### WORK ITEM
The reply must contain exactly the lines below from the one with "纽曼汽车载应急启动电源12V24V通" down to the one with "4 Styles Ghibli", both included, and nothing more; please omit the pictures.

### GIVEN DATA
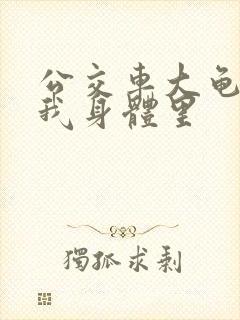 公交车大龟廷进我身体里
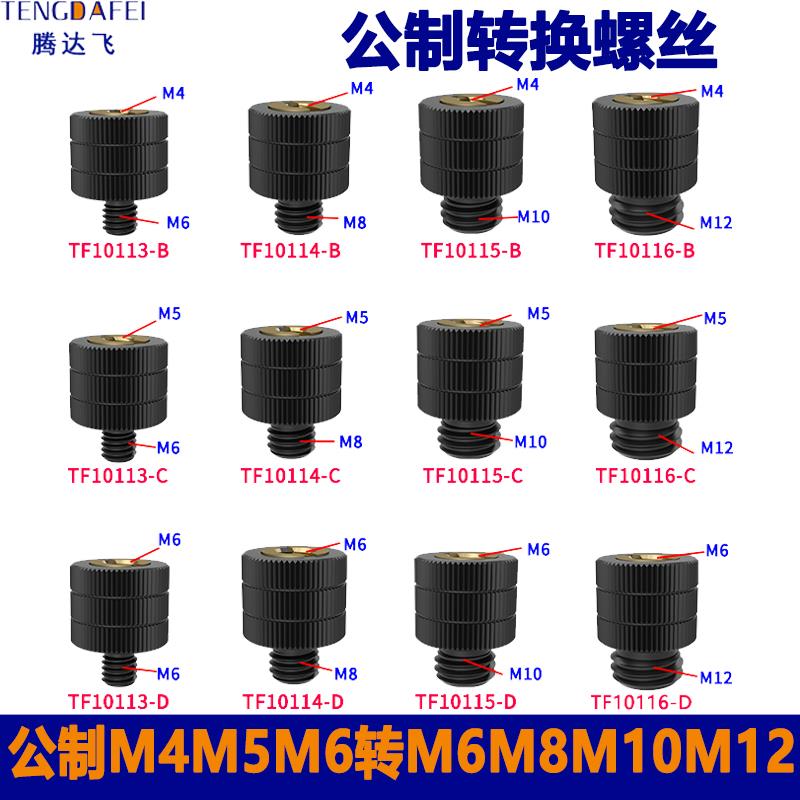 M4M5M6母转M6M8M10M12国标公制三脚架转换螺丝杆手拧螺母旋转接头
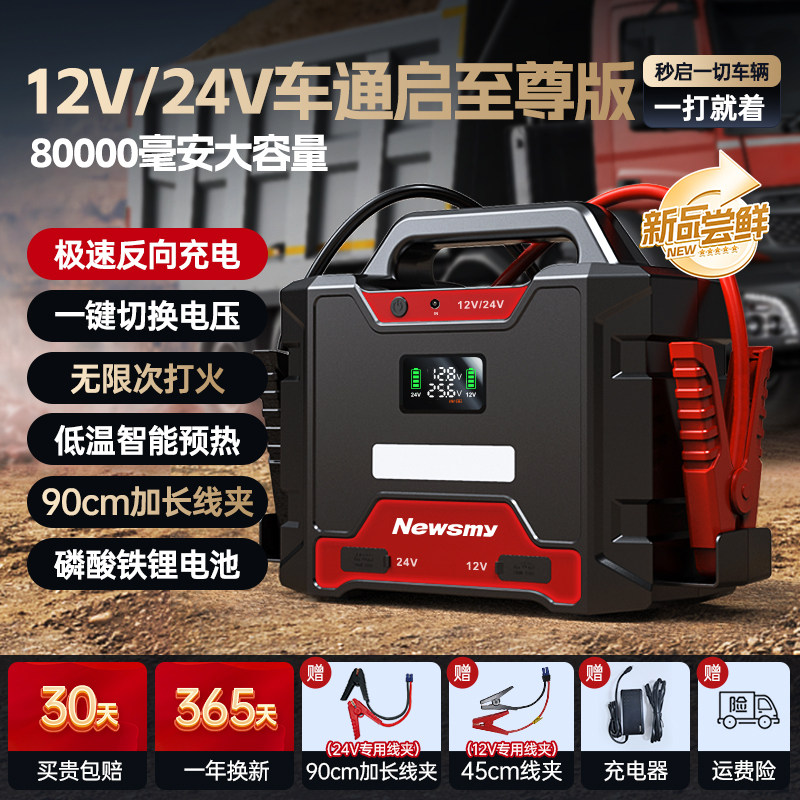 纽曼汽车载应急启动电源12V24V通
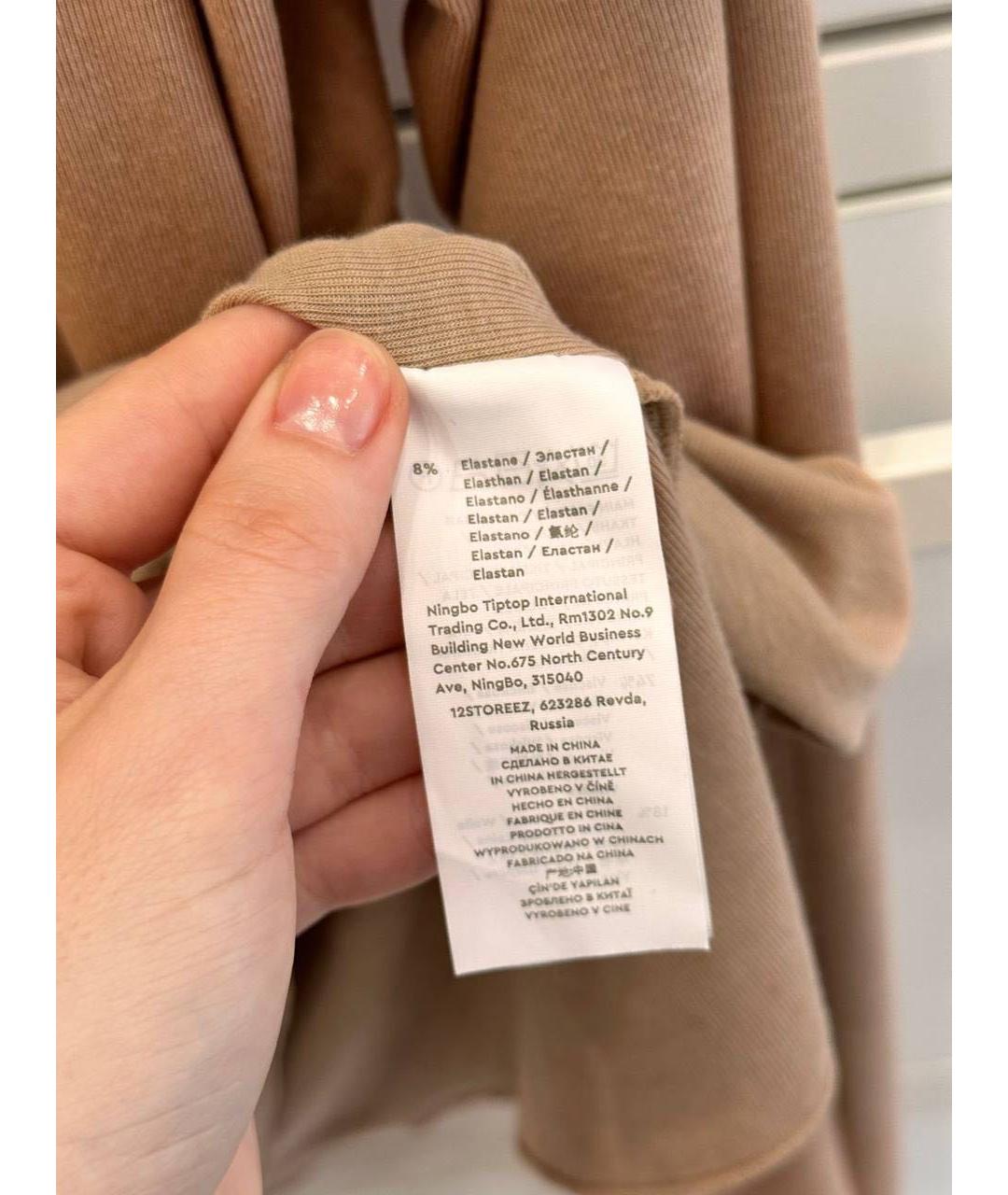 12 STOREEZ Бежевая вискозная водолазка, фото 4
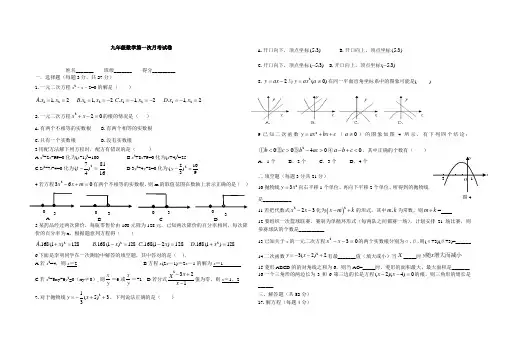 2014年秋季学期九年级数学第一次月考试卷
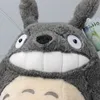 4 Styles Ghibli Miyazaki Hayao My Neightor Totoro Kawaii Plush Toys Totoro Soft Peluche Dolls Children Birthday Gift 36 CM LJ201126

...

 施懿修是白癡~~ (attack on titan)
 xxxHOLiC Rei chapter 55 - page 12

--

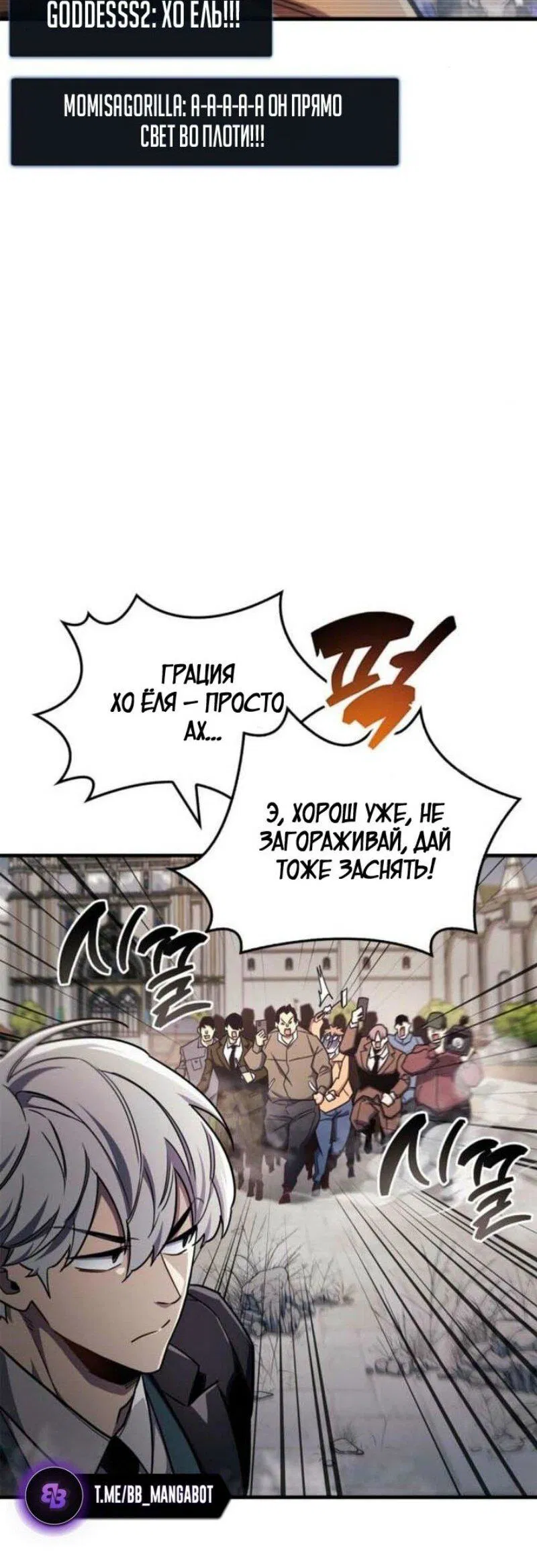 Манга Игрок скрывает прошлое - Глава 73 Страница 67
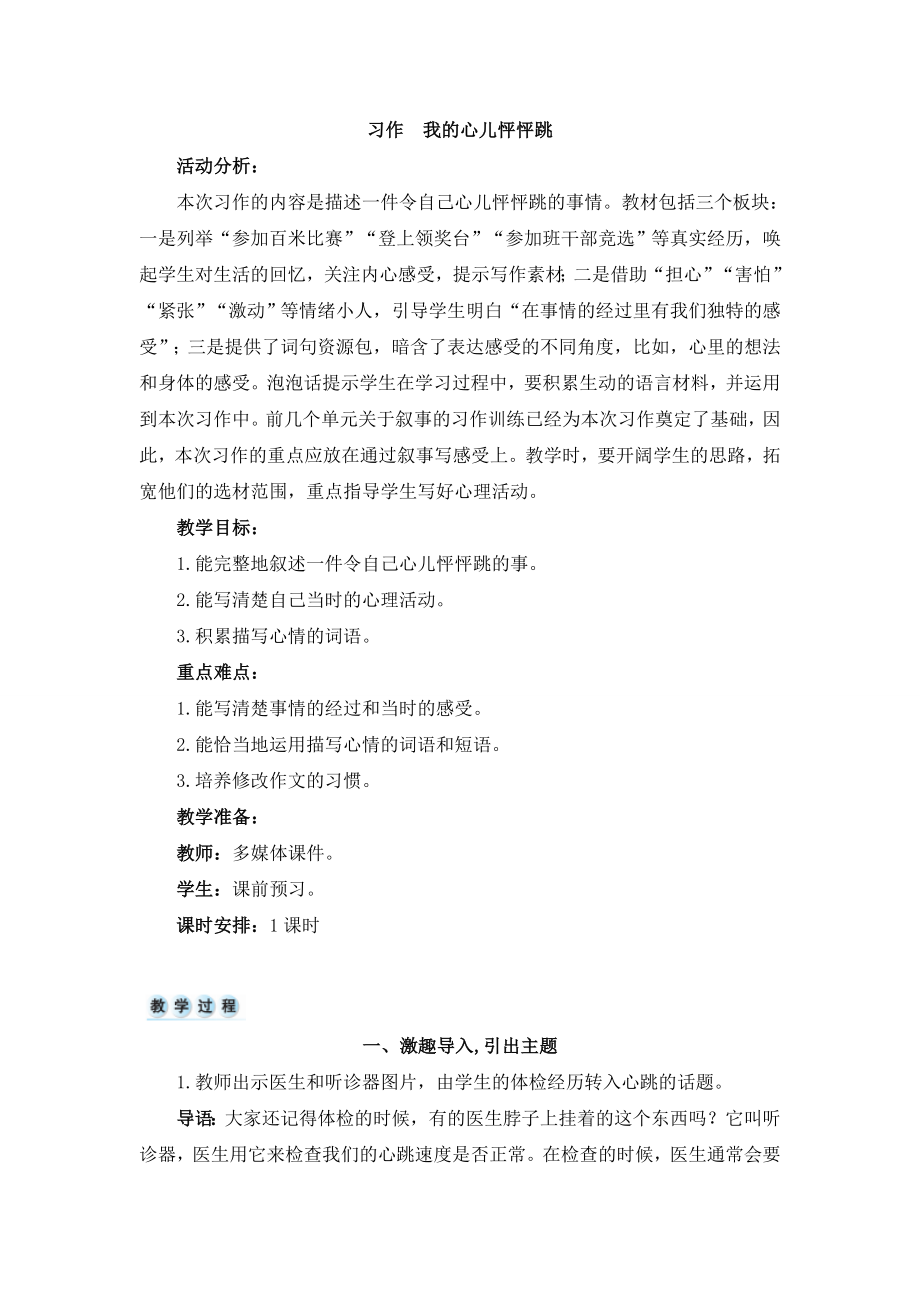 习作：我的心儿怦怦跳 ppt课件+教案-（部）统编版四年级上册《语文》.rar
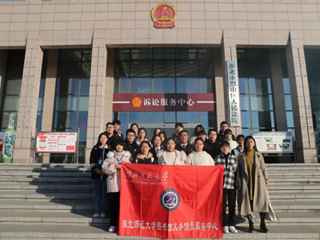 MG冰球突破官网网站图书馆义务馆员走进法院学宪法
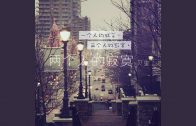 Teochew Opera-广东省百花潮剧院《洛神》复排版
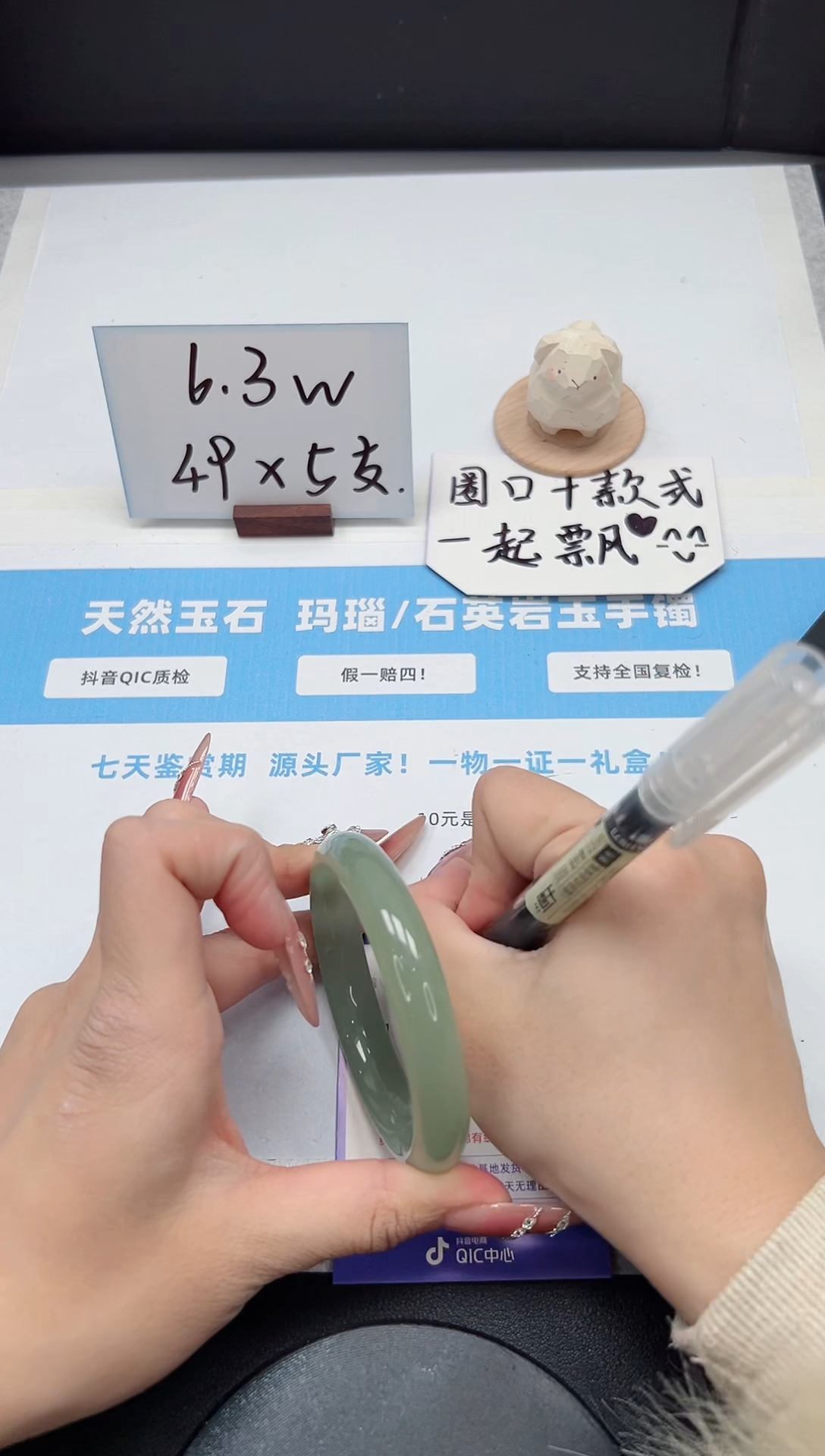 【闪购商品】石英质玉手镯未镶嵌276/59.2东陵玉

### RESULT OF THIS TASK
 纽曼汽车载应急启动电源12V24V通
 12 STOREEZ Бежевая вискозная водолазка, фото 4
 2014年秋季学期九年级数学第一次月考试卷
 4 Styles Ghibli Miyazaki Hayao My Neightor Totoro Kawaii Plush Toys Totoro Soft Peluche Dolls Children Birthday Gift 36 CM LJ201126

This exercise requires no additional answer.